The process initiated by the BOSTID studies has therefore developed a new relevance two decades later: interest in pneumonia research is currently being rekindled by both scientists and funders.8 In her introduction to the BOSTID supplement, Judith Bale reflects: "With all the complexities of ARI, it is unrealistic to search for a 'magic bullet'. Research must include a focus on basic understanding of ARI, particularly the factors leading to severe disease." Given the complexities of the problem, a comprehensive and accurate description of the epidemiology and etiology will once again become the foundation of pneumonia research. As we rebuild a global network of pneumonia research sites, we might ponder how we failed to sustain the investment of the BOSTID initiative. Childhood pneumonia has remained the dominant public health problem in the developing world but we have not cultivated local research capacity in pneumonia.
What can be gleaned from the BOSTID studies to optimize a new pneumonia research network? The paper by Selwyn et al.1 was prescient, courageous and comprehensive but it also revealed some of the difficulties in creating an integrated global description of respiratory tract infections. The inclusion of upper respiratory tract infection (URTI) affirmed its biological connection with LRTI but also undermined the public health impact of the studies, given the generally benign perception of URTI. Site selection gave preference to underprivileged populations but, because the sites had to be close to competent laboratories (which are rare in low-income countries), the representation of the developing world was uneven. For example, five out of the 12 sites were located in Central and South America. A standardized case-definition is essential for international comparisons but most of the BOSTID investigators amended the standardized definitions, thus producing, in some cases, exceptional incidence results. The failure to obtain lung aspirate material reduced the sensitivity of the study to bacterial causes of pneumonia.

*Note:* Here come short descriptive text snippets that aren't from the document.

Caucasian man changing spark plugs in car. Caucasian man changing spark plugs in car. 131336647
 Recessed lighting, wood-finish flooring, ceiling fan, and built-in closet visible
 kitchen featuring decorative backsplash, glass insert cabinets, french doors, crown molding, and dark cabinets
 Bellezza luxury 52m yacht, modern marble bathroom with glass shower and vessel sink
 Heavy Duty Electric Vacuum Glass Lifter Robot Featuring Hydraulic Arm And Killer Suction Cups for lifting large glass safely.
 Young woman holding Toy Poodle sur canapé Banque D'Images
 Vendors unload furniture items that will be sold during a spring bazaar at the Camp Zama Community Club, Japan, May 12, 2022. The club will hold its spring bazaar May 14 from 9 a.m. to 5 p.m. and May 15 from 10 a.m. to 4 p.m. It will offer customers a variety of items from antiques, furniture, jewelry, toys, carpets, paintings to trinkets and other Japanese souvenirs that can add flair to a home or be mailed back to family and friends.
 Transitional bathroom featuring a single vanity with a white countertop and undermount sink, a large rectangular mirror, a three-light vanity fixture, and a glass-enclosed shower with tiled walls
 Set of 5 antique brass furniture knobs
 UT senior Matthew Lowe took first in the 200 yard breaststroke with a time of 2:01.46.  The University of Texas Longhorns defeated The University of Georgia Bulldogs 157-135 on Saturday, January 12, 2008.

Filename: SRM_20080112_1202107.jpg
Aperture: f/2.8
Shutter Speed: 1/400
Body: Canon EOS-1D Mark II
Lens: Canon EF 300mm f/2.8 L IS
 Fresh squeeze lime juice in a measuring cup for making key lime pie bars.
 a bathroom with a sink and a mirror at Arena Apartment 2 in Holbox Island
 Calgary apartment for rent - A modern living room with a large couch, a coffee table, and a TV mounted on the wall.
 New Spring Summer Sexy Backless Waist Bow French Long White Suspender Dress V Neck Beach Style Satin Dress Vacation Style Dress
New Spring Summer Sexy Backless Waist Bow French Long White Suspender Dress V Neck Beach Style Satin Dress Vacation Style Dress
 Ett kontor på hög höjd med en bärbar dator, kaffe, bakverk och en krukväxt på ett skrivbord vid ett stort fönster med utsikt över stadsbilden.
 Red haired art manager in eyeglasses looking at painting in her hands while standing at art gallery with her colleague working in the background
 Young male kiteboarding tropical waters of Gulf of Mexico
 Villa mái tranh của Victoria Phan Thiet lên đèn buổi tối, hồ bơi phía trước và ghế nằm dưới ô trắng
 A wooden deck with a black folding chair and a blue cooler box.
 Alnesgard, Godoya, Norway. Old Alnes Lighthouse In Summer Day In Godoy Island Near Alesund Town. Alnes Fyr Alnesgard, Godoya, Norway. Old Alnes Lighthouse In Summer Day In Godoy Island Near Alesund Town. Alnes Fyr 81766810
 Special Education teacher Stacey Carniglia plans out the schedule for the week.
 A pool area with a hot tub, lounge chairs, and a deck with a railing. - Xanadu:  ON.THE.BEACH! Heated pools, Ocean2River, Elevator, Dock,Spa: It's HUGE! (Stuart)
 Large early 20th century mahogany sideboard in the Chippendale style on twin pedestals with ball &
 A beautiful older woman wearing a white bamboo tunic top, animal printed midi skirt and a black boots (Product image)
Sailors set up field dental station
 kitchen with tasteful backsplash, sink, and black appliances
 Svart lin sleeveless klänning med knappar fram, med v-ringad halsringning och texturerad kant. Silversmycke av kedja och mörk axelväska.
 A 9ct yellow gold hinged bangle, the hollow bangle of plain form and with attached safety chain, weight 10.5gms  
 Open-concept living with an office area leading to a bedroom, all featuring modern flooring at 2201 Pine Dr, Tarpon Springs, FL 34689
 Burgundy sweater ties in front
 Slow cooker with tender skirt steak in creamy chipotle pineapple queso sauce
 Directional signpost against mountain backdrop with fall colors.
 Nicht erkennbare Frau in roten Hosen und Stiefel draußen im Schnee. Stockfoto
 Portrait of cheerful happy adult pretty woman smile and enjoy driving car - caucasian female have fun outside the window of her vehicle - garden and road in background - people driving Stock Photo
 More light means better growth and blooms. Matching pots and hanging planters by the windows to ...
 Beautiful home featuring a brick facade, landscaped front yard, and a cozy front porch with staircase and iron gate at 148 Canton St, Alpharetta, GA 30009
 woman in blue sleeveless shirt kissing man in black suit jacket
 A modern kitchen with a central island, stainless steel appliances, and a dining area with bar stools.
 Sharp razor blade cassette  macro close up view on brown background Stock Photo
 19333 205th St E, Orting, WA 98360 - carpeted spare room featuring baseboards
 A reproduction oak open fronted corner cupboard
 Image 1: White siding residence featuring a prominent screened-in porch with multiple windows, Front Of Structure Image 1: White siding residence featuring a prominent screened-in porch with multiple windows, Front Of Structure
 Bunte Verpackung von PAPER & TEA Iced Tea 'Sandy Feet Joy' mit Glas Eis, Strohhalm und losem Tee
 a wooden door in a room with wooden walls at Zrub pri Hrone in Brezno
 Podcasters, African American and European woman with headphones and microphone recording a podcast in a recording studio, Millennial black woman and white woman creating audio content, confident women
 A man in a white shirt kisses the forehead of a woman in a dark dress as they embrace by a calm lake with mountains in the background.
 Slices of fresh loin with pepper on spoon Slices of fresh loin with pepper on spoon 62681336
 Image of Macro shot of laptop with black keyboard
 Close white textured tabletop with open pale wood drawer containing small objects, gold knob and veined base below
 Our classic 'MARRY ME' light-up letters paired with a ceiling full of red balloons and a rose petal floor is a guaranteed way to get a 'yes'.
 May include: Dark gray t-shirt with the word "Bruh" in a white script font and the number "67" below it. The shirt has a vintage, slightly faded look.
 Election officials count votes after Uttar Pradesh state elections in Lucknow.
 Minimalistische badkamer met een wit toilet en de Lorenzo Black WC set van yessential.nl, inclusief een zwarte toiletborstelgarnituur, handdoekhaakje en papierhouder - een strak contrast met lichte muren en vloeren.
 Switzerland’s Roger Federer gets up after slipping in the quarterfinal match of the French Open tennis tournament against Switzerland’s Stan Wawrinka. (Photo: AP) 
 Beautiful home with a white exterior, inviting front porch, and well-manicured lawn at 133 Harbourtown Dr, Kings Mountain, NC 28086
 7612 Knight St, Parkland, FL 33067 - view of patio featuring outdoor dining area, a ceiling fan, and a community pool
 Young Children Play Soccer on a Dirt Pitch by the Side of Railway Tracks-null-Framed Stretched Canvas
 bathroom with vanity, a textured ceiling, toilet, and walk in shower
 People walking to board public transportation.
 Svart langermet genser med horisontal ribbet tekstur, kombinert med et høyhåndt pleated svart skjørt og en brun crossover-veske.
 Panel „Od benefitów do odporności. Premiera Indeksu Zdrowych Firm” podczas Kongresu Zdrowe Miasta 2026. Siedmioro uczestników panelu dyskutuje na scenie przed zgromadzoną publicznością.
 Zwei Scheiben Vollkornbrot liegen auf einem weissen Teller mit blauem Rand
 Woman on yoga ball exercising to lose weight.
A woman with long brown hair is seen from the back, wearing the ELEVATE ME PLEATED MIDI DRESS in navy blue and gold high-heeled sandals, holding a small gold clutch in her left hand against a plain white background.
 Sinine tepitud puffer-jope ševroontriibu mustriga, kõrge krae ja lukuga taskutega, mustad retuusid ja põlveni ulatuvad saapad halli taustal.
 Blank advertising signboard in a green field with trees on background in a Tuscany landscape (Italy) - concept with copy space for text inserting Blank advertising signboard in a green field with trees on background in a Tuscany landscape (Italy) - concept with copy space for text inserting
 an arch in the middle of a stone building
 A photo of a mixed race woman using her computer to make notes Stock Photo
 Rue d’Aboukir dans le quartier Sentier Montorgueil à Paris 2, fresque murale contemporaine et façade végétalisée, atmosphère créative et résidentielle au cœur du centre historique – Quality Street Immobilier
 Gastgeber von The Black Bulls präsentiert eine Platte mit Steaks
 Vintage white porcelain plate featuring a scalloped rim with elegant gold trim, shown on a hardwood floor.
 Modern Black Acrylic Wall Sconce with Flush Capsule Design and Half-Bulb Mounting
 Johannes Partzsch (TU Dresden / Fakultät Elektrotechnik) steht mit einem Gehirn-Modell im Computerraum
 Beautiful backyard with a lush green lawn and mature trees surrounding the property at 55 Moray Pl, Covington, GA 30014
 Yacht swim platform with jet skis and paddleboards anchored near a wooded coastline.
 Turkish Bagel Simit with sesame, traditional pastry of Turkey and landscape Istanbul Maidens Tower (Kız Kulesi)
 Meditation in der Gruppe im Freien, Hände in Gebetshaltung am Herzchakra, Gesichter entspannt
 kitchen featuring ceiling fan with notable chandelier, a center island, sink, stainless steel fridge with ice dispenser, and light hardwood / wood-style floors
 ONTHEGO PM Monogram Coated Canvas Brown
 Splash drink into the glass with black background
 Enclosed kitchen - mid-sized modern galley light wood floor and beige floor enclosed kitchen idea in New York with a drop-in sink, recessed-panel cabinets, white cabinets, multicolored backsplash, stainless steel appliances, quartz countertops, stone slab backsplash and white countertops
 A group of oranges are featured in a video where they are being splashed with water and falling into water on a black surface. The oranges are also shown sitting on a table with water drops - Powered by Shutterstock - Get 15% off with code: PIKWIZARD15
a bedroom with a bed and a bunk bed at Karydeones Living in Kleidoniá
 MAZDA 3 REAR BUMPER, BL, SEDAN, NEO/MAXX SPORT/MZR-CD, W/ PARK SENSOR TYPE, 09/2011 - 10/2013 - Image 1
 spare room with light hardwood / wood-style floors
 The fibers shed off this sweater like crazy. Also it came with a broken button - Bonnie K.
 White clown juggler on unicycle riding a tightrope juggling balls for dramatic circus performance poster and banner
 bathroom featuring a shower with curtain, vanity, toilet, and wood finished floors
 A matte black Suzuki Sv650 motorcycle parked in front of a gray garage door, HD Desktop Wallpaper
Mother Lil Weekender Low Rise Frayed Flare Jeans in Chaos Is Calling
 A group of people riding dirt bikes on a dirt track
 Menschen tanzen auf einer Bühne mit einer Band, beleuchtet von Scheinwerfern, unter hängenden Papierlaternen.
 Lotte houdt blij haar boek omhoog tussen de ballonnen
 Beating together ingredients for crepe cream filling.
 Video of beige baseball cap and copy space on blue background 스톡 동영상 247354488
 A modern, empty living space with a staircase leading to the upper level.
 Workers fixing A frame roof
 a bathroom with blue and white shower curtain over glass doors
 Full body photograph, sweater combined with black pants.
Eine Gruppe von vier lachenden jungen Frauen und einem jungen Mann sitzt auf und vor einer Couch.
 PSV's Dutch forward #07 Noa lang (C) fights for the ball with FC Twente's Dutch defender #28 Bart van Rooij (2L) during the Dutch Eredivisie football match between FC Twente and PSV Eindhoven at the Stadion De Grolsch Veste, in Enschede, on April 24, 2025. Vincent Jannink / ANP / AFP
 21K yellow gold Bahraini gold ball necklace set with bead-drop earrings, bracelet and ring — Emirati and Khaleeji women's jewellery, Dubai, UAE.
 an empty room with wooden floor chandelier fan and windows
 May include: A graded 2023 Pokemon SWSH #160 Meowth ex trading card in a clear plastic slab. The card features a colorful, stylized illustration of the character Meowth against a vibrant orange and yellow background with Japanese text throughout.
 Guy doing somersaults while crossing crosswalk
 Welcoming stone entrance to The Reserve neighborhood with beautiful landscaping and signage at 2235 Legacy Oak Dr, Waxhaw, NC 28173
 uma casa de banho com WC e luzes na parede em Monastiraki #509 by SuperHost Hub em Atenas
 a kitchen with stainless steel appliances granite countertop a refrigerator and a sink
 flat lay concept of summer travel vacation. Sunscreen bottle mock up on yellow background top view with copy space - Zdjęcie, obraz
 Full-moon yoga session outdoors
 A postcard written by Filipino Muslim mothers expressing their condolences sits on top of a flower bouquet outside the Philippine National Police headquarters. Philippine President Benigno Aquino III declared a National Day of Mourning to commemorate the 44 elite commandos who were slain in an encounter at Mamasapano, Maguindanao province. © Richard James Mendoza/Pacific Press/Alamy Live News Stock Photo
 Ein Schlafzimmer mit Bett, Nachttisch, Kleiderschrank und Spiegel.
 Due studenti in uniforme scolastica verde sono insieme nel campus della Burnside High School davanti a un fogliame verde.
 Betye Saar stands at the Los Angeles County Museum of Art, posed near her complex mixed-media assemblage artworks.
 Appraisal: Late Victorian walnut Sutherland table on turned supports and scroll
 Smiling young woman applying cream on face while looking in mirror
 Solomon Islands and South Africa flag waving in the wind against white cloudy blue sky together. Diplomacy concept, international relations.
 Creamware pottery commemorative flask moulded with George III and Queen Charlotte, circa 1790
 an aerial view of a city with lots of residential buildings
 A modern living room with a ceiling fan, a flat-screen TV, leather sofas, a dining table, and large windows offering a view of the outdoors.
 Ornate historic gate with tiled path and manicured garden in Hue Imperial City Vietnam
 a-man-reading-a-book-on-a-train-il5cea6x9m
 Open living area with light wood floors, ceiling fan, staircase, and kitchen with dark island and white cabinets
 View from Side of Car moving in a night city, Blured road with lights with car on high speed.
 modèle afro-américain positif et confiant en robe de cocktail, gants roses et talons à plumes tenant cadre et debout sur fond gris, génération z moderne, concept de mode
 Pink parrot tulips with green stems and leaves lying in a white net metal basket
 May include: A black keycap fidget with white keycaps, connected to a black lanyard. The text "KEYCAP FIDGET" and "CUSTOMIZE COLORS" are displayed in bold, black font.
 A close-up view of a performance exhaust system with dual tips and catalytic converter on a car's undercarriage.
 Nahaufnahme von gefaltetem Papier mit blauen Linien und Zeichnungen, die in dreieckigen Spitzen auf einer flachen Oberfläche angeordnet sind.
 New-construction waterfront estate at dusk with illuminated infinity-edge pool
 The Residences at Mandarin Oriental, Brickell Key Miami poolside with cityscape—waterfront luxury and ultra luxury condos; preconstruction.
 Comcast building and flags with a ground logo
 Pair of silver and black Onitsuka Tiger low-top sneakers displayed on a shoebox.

These factors do not detract from what was a Herculean task performed in an era when global networks were uncommon and international communications were challenging. However, the scientific community of today needs to regenerate pneumonia research in developing countries and the first step will be to learn from the difficulties encountered by this pioneering programme. As we take up the task, we are indebted to the BOSTID group for this far-sighted publication.
Competing interests: None declared.
1. Selwyn BJ on behalf of the coordinated data group of BOSTID researchers. The epidemiology of acute respiratory tract infection in young children: comparison of findings from several developing countries. Rev Infect Dis 1990;12 Suppl. 8;S870-88. PMID:2270410
2. Grant JP. The state of the world's children 1982-3. Oxford University Press: 1983. p. 141.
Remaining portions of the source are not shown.